When the government fails us, one temptation is to look to rich people like Bill Gates. And sure, private funding of global public health is valuable. But the demands of fighting a pandemic are much bigger than the capacity of even our wealthiest private philanthropists. The Gates Foundation gave away roughly $5 billion last year. Trump recently freed up $50 billion to address the coronavirus pandemic. (This is to say nothing of the $2 trillion the president is seeking in order to provide direct relief to taxpayers.)
Despite this, Gates’ greatest fear has come to life, and now he is treating the United States as if it were a poorer country in his global public health portfolio. Last month Gates committed up to $100 million to combat coronavirus. The Foundation’s support came in waves—first to aid China’s response, then to improve global detection and isolation, then to bolster Seattle’s response, and finally to develop treatments.

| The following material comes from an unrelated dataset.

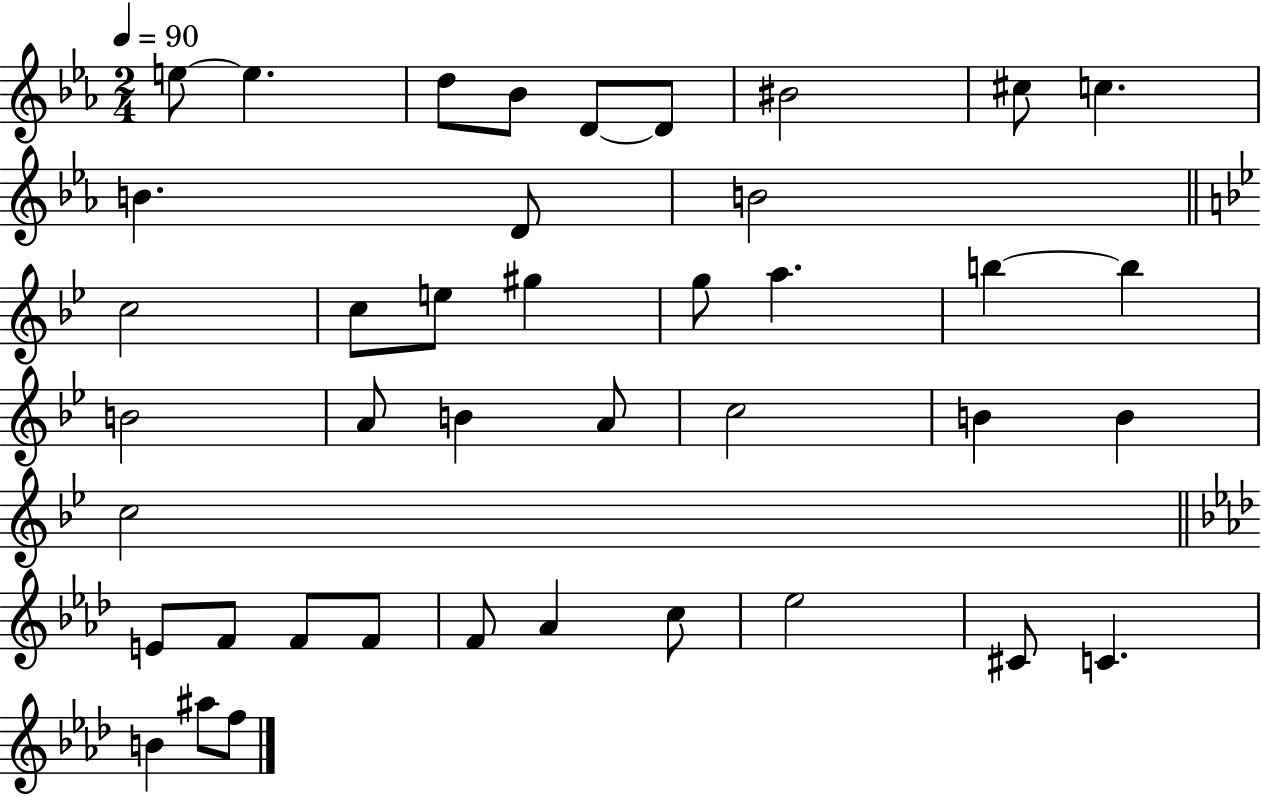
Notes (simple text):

E5/e E5/q. D5/e Bb4/e D4/e D4/e BIS4/h C#5/e C5/q. B4/q. D4/e B4/h C5/h C5/e E5/e G#5/q G5/e A5/q. B5/q B5/q B4/h A4/e B4/q A4/e C5/h B4/q B4/q C5/h E4/e F4/e F4/e F4/e F4/e Ab4/q C5/e Eb5/h C#4/e C4/q. B4/q A#5/e F5/e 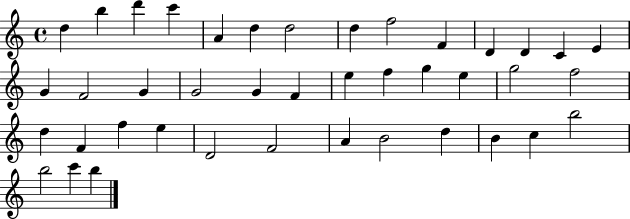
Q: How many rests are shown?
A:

The outbreak hit Seattle particularly hard—Seattle’s King County had seen 693 cases and 60 deaths as of Thursday afternoon. Bill and Melinda Gates live in Seattle, and it is also where their foundation is headquartered. Frustrated by the lack of federally provided testing, the Gates-funded Seattle Flu Study confirmed the first case of coronavirus in Washington State. The Seattle Flu Study has since announced that it will invest in at-home testing kits.
We suspect that Bill Gates wishes he didn’t have to do this—his meetings with Trump suggest as much. We’ll say what Bill Gates is too politic to say: Providing testing kits and coordinating a pandemic response is a job for government.

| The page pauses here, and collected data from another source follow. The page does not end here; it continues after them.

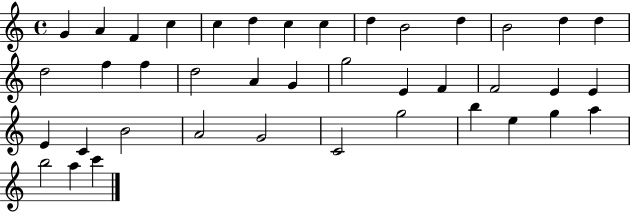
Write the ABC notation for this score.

X:1
T:Untitled
M:4/4
L:1/4
K:C
G A F c c d c c d B2 d B2 d d d2 f f d2 A G g2 E F F2 E E E C B2 A2 G2 C2 g2 b e g a b2 a c' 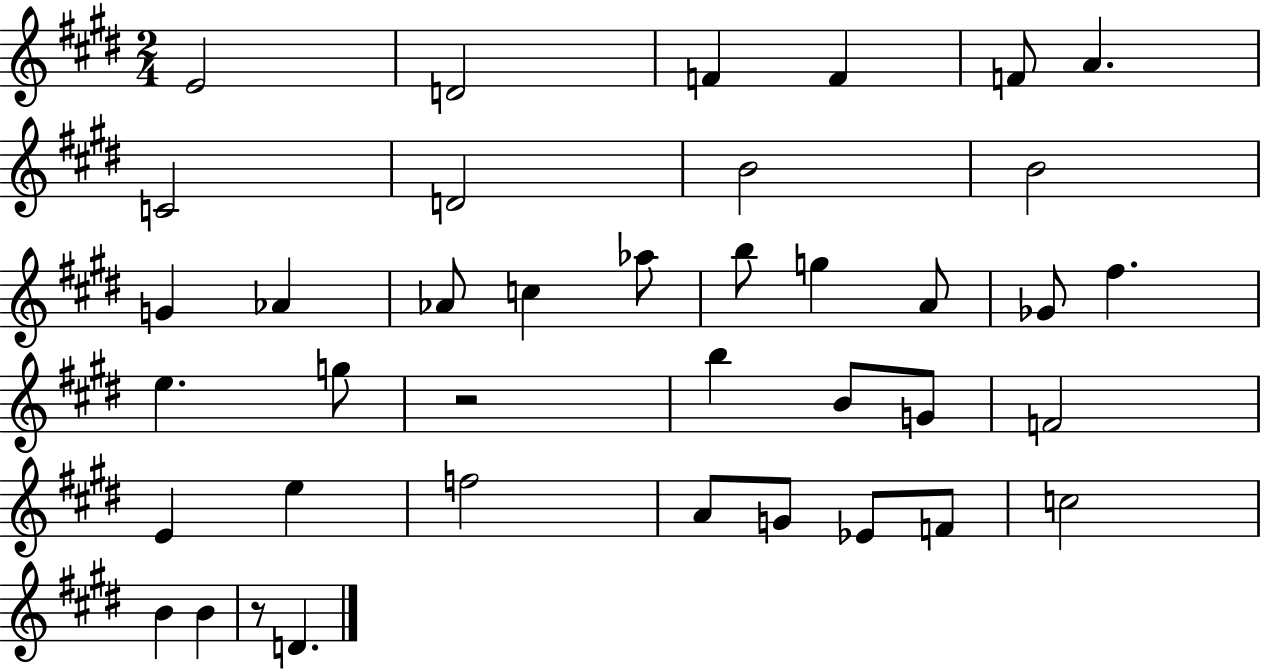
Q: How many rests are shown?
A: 2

Gates is not alone. In the Bay Area, the Chan Zuckerberg Initiative announced that it would invest to expand testing in San Francisco. Jack Ma, the Chinese billionaire, is donating thousands of face masks and testing kits to the United States. The Ford Foundation is leading an effort of large foundations to give permission to grantees to practice maximum flexibility with funds in order to free up resources for Covid-19 responses.
Candid, an organization that seeks to make philanthropy more transparent, estimates that $1.9 billion have been spent on coronavirus relief by private entities worldwide.
Big philanthropy does have a role to play, however. Its distinctive and essential function is to serve as the risk capital for a democratic society, directing resources to fund experiments and discover solutions to social problems that neither the market nor government is well-suited to do. The paradigmatic example is Andrew Carnegie’s funding of public libraries, an experiment in cultivating an educated citizenry.
Philanthropy’s unique advantage is its role in improving outcomes in the long-term, and handing off its successes to the government to bring to scale for all citizens. Philanthropy is not a stopgap for the failure to provide basic services and public goods.
Public health is a paradigmatic public good. We should never be dependent on the whims of wealthy donors—as philanthropy is increasingly dominated by the wealthy—for our collective health and well-being.
That would be a betrayal of democracy. Rather than democratic processes determining our collective needs and how to address them, the wealthy would decide for us. We wanted rule by the many; we may get rule by the rich.
The coronavirus pandemic presents us with an immediate need for a response and it reminds us of the importance to invest so that we avoid preventable disasters in the future. At the moment, it’s all hands on deck for the emergency. But this is not what big philanthropy is built for. Or what it can sustain. The richest country in the world must step up to fund public health rather than relying on the richest people in the world to do it piecemeal.
Updated 3/23/2020 11:35 am: This piece has been updated to note that Reich is the faculty codirector of The Stanford Center on Philanthropy and Civil Society, which has received grants from the Gates Foundation.